Baca Juga: Kebijakan ERP adalah Cara Menyeluruh Mengurai Kemacetan di DKI Jakarta

"Itu malah memindahkan kemacetan dari satu tempat ke tempat lain. Contohnya ganjil-genap. Saat berlaku jam sekian sampai jam sekian, banyak kendaraan yang lewat jalur alternatif terlebih dahulu," katanya.

Penerapan ERP Masih Panjang

Sebelumnya, Penjabat Gubernur DKI Jakarta Heru Budi Hartono menyebut proses penerapan jalan berbayar atau Electronic Road Pricing (ERP) di Jakarta masih cukup panjang. Setidaknya ada tujuh tahapan yang harus dilalui sebelum akhirnya kebijakan ini dijalankan.

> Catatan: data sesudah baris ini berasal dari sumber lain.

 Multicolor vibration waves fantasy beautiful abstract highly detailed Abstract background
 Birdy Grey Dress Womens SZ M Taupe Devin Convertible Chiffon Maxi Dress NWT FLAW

Tahapan pertama adalah pembahasan Rancangan Peraturan Daerah (Raperda) Pengendalian Lalu Lintas Secara Elektronik (PLLE) di DPRD DKI. Pihak Dinas Perhubungan DKI telah menyerahkan drafnya untuk dibahas menjadi Perda.

"ERP kan sekarang masih dalam proses di DPRD, Raperda namanya. Itu masih ada beberapa tahapan, nanti dibahas di DPRD, diolah sesuai dengan kewenangannya masing-masing. Terus jadi Perda," ujar Heru di Balai Kota DKI Jakarta, Rabu (11/1).

Setelah itu, ia akan mulai membahas penyusunan Peraturan Gubernur yang merupakan turunan dari Perda tersebut. Pergub ini diperlukan karena berisi pelaksanaan atau teknis dari penerapan ERP di Jakarta.

"Setelah itu baru proses lagi untuk proses bisnisnya, proses bisnisnya masih pembahasan. Nanti siapa yang mengelola badan usahanya apa, itu juga dibahas dengan DPRD," ucapnya.

Tahapan keempat adalah penentuan jalan mana saja yang akan menerapkan ERP. Beberapa titik memang sudah ditentukan berdasar sejumlah kriteria yang diatur dan selanjutnya dibahas lagi di DPRD.

Barulah tahapan ke enam adalah melakukan penentuan tarif. Sejauh ini kisaran biaya ERP yang diperkirakan adalah Rp5.000 sampai Rp19.900.

Tahapan terakhir atau ketujuh adalah membahas keseluruhan rencana dengan pemerintah pusat. "Kira-kira itu, masih ada tujuh tahapan. itu dibahas mulai tahun 2022 dan dilanjutkan mungkin 2023," pungkasnya.